The electrode preferably has two electrode sections, each of which has a longitudinal edge which faces one another in such a way that they form a slit-shaped outlet opening. For this purpose, the electrode sections are preferably two independent components, which can be of the same, symmetrical or modular design. In this way, the contact surface of the electrode, i.e. the surface that comes into electrical contact with the treatment liquid, can be adjusted and optimized in a simple manner. The contact surface can be adjusted manually or automatically by one or more actuators, which means that the treatment effect, energy consumption, etc. can be optimized without dismantling the surge nozzle, for example during operation of the device.

The electrode sections are preferably built into the surge nozzle as operational interchangeable parts and are therefore designed for quick and uncomplicated disassembly and assembly. This not only improves the regular maintenance of the surge nozzle, but also allows the electrode sections to be changed to known or newly developed materials with optimized properties, for example with regard to service life and/or electrical properties, with low material and personnel costs.

Preferably, the surge nozzle also has at least one nozzle plate, which forms the surge opening and is attached to the outside of the base body in such a way that the electrode is located between the base body and the nozzle plate. Preferably, the surge nozzle has two nozzle plates, each having a nozzle lip facing each other, so that the surge opening is formed in a slit-like manner between the nozzle lips. Furthermore, the nozzle plates can have slots, for example, via which the nozzle plates are adjustably attached to the base body and/or the electrode by means of screws. Such a sandwich-like and possibly multi-part arrangement offers a large number of setting options with regard to the discharge characteristics and electrical contacting of the treatment liquid. at the same time reliable and low-maintenance design of the surge nozzle.

The surge nozzle is preferably held rotatably about its longitudinal axis, as a result of which the angle of flow of the treatment liquid to the metal strip can be adjusted. This represents another degree of freedom to optimize the treatment effect, energy consumption, etc.

The electrode sections preferably each have a connection section, via which they are each electrically contacted. If the electrode sections are stamped out of sheet metal, for example, the connection sections can be formed, for example, by bending over a sheet metal section. According to this exemplary embodiment, the electrode sections arranged in pairs each have one, i.e. a total of two, connection sections. The positions of the two connecting sections are preferably selected in such a way that the most homogeneous possible treatment result is achieved. This is achieved in particular when the two connection sections are arranged on opposite sides of the electrode sections, viewed along the longitudinal extension of the surge nozzle. In this case, any electrical interference and influencing variables are compensated.

The design variants of the gush nozzle presented above apply analogously to the case of multiple gush nozzles.

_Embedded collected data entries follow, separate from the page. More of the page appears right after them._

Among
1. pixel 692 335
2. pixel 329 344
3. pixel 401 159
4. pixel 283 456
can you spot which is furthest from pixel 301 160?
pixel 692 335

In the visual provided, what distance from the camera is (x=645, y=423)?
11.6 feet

The method according to the invention is also used for the electrolytic treatment, preferably cleaning, of a metal strip that is transported along a transport direction through the treatment section. The method is carried out using a device according to one of the embodiment variants presented above and has: contacting an electrolytic treatment liquid with the electrode of each of the surge nozzles, with an alternating voltage being applied between the electrode and the metal strip; discharging the treatment liquid from the surge port of each of the surge nozzles; and applying the treatment liquid to a corresponding surface of the treatment section in the treatment section Metal strip, so that the metal strip (B) passing through the treatment section is treated on both sides with treatment liquid.

The features, technical effects, advantages and exemplary embodiments that have been described in relation to the device apply analogously to the method.

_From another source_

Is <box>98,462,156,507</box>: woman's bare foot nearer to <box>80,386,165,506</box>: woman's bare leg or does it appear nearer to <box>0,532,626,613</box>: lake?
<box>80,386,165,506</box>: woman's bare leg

Although the devices and methods presented above can be used with particular preference in electrolytic cleaning lines for strip systems, they can also be used for a different treatment of metal strips, provided that electrolytic wetting of strip surfaces is included. The devices and methods presented above form an improved technique for substituting dip pole plates and/or electrolytically acting high-pressure cleaning nozzles. Conventional systems can thus be retrofitted in a particularly cost-effective and structurally simple manner.

Further advantages and features of the present invention can be seen from the following description of preferred exemplary embodiments. The features described there can be implemented on their own or in combination with one or more of the features set out above, insofar as the features do not contradict one another. The following description of the preferred embodiments is made with reference to the accompanying drawings.

Short description of the figures

• the figure 1 shows schematically the principle of an improved electrolytic cleaning device compared to a conventional principle.
• the figure 2 is a three-dimensional representation of a surge nozzle and its mounting.
• the figure 3 shows a detail of the mounting of two surge nozzles, which are arranged facing each other.
• the figure 4 Figure 13 is a three-dimensional sectional view of a surge nozzle.
• the figure 5 Fig. 12 is a schematic three-dimensional view showing the structure of a surge nozzle in an exploded manner.
• the figure 6 is a three-dimensional representation of a surge nozzle without nozzle plates, which shows the structure and the position of the electrodes.

Detailed description of preferred embodiments

Preferred exemplary embodiments are described below with reference to the figures. The same, similar or equivalent elements are provided with identical reference symbols. A repeated description of these elements is also partially dispensed with in order to avoid redundancies.

the figure 1 shows a device 1, which is specially designed for cleaning a metal strip B here.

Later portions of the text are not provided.